For nearly 30 years, our Federal government has actively subsidized and promoted a program that is bad for children, bad for families, and bad for the economic future of the nation. We can understand this only if we recognize the ideological agenda behind this campaign: the fusion of radical feminism to socialism through the device of the modern welfare state. It was ideology not economic necessity, that brought us to this place. It was ideology, not economics, that distorted the labor market in a manner that places new pressures on young families, pushing them to choose non-parental care. Our prospects for finding a better path in the future must begin with that recognition.
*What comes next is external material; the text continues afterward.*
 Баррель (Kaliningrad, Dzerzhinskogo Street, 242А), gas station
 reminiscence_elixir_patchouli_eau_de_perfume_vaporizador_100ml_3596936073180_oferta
From there, we can chart an alternate agenda that would end this unholy Federal war on the family, and create a system truly based on freedom of choice. It would include:

  • First, an end to the tax preferences given to commercial, non-parental child care. For example, the current Dependent Care Tax Credit could either be scrapped, or replaced by a universal early childhood tax credit, valued at $700 per child, and available to all taxpaying parents with children through age five, regardless of how parents choose to care for their children;

  • Second, greater freedom for proven methods of reconciling paid labor and home life, such as part-time work, flex-time, telecommuting, and at-home businesses;and

  • Third, an end to the Federal campaign of sex-role or gender-role engineering, which rests on historical lies and wars against those common sense cultural arrangements, such as the "family wage," that have successfully sustained the family within a modern economy.

The current Pontiff, John Paul II, has written: "We are all called to promote an environment favorable to the family, and, therefore, to motherhood and fatherhood, an environment where, increasingly, the optimal conditions can be found...[so] that the family can develop its own riches: fidelity, fecundity, and intimacy enriched by an openness to others."

Fidelity, fecundity, and intimacy: These are, indeed, riches bearing their own inestimable value, ones threatened by the current direction of our nation's public policy. It is time to choose a different path, the path we might call the family way, so that our children and grandchildren might indeed grow to their full potential as children of God.